Capital Beijing, once famous for its long history, has started to incubate multi-billion startups that are building the future. World Innovators Meet Salon set up in Beijing and kicked off WIM.
The very first series of WIM Salon (World Innovators Meet Salon) was set up in Beijing on August 25, under the theme "Innovators Meet in Beijing". Corporate investors who seek opportunities in overseas markets, entrepreneurs who want to hack their growth in the Chinese market, and countless innovative minds joined the event.
Panel Discussion: "Dare to Innovate"
The event held a truely cosmopolitan panel discussion with four distinguished guests who have shared their innate innovative mind-set with the audience. Zoon Ahmed Khan, researcher and journalist based at the Belt and Road Strategy Institute, Tsinghua University, moderated the event.

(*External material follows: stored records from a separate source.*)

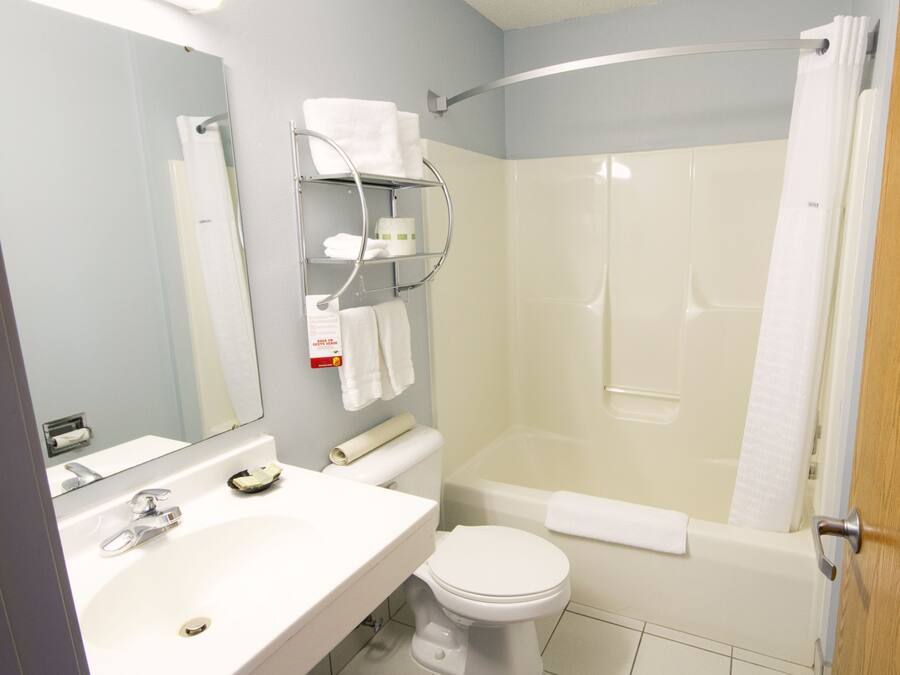 A bathroom with a sink, toilet, and shower area.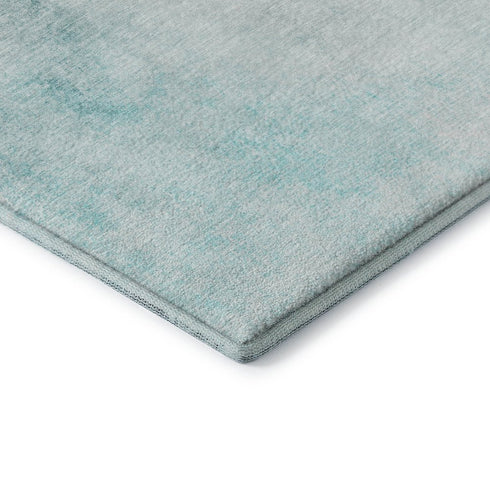 5' X 8' Teal And Ivory Abstract Washable Area Rug With UV Protection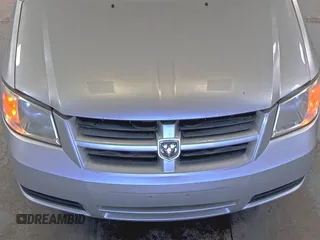 2010 Dodge Grand Caravan SE z VIN 2D4RN4DEXAR412152, wystawiony jako IAAI lot #42825395 z przebiegiem 93 398 mil mil oraz . Historia ofert i sprzedaży dostępna na DreamBid. Obrazek 3.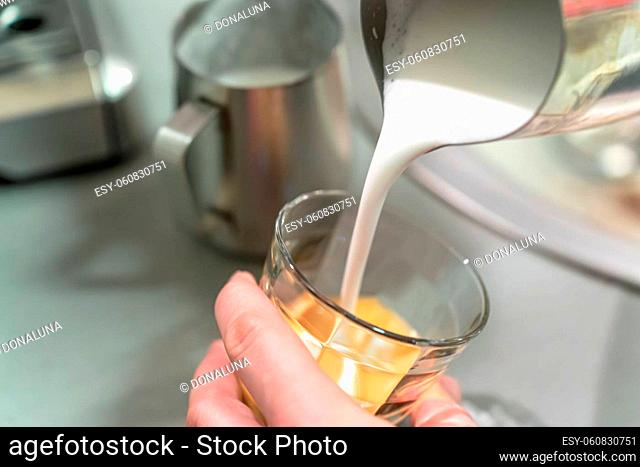 Barista pours milk foam into an espresso glass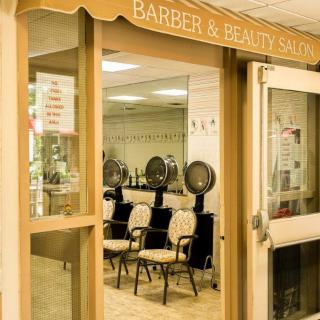 Entrance to a barber and beauty salon with chairs and hair dryers visible inside.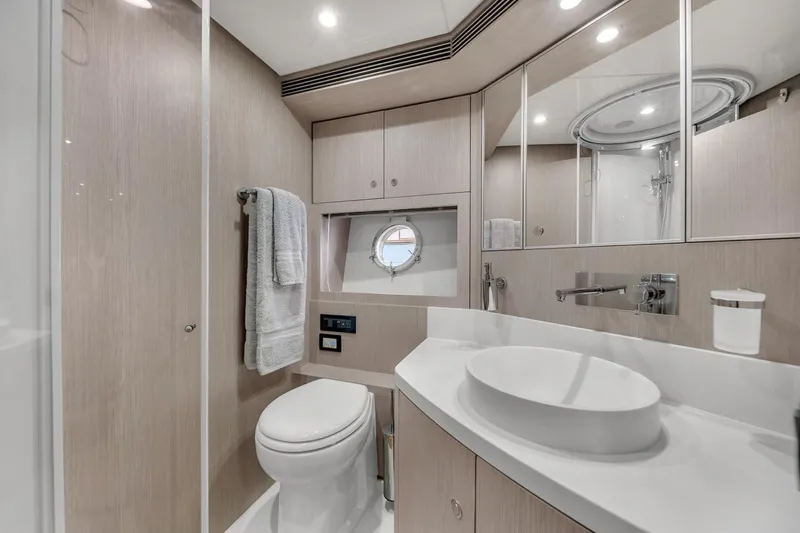 Slide: The Image of Luxurious bathroom in 2015 Riva 63 yacht with modern fixtures and elegant design. - 56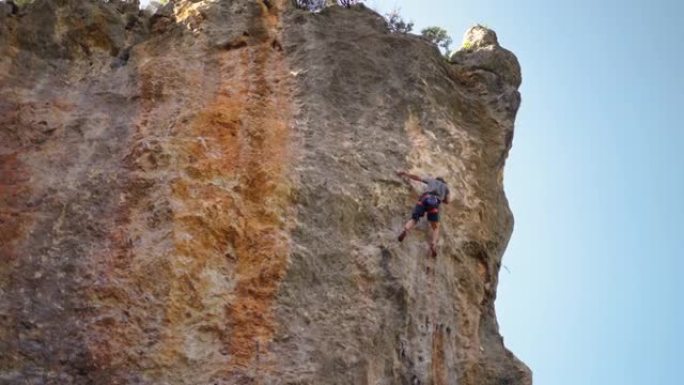 强壮而熟练的男子登山者通过具有挑战性的路线在垂直的石灰墙岩壁上攀登，做出了几次艰苦的自信努力，失败和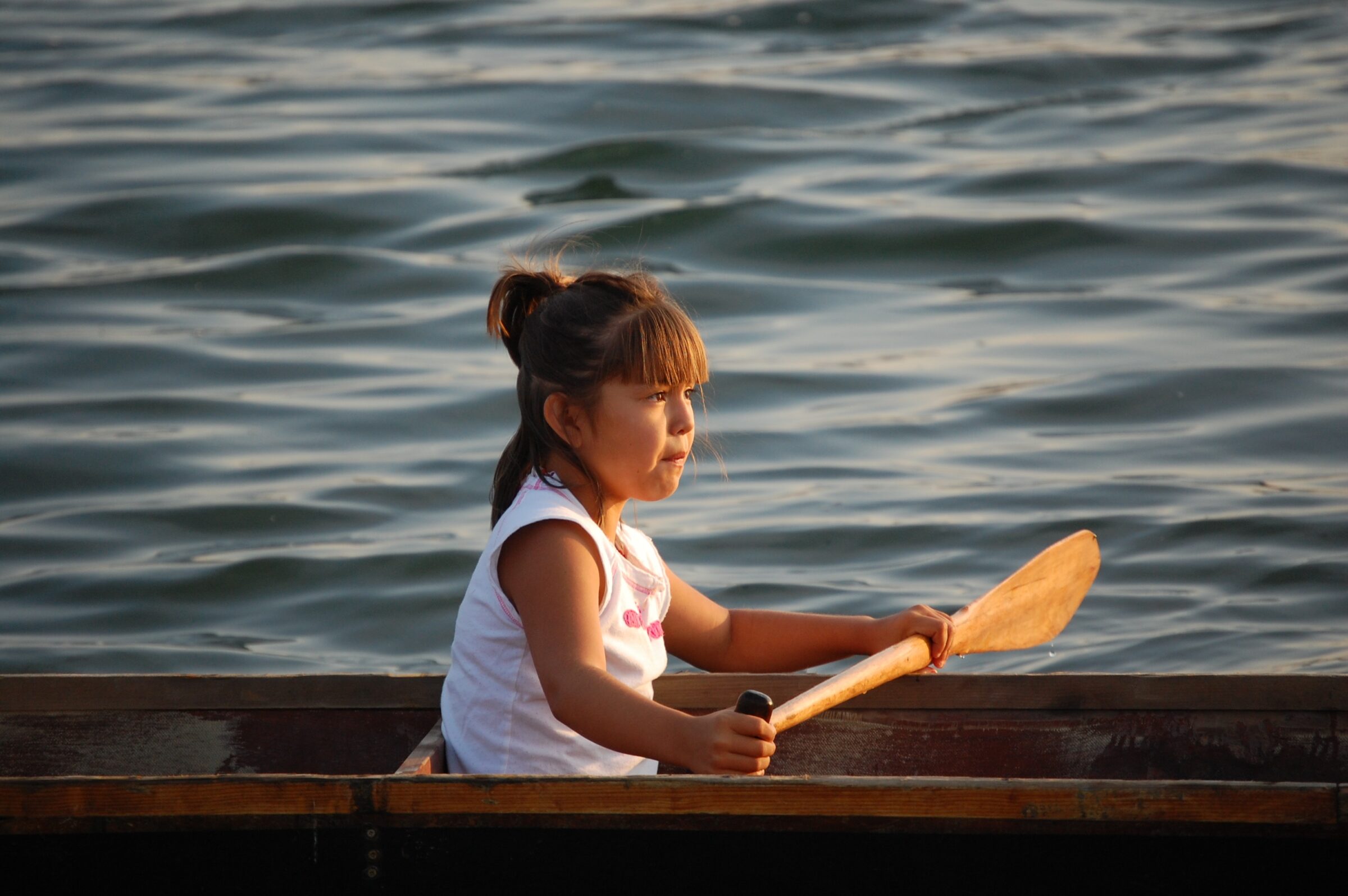 A young girl sits in a canoe holding a paddle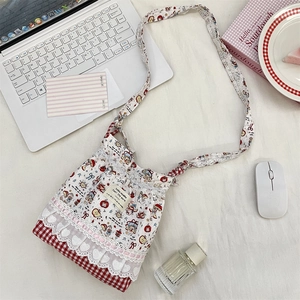 Detail of cartoon embossing on a cream crossbody bag with lace trim and heart patterns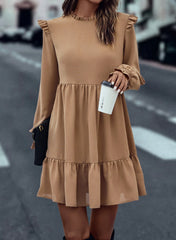 Tiered dress with ruffled shoulders and ruffled collar in light French beige
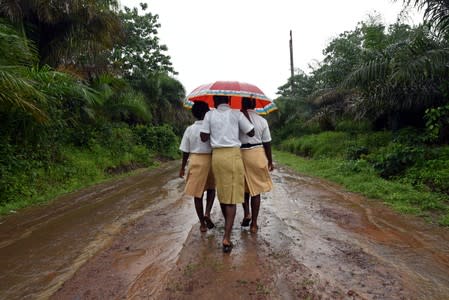 Mariatu Sesay, 15, walks home with her school mates in a countryside village of Sierra Leone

Alvaro Montoya, Co-founder of Akkadu, shared how he decided to start translation business and the way he survives in the brutal competition of China: where giant companies with enormous financial, technical and operational capacity operating in the same field.
Akkadu, a platform that enables live translation streaming by combining human and AI to interpret events, is a product of Alvaro's years-long adventure starting-off Barcelona.
Iconic leaders are the people with good stories behind, and Alvaro is one of those people with good stories. Once he finds himself in the same car with Huawei's phenomenal CEO, Ren Zhengfei, in Barcelona, when the time Huawei has not yet to be a global behemoth.
'Why don't you learn Chinese?' said Mr Zhengfei. His words were powerful, I booked the tickets and went to China to study the language. This is where it all started" says Alvaro.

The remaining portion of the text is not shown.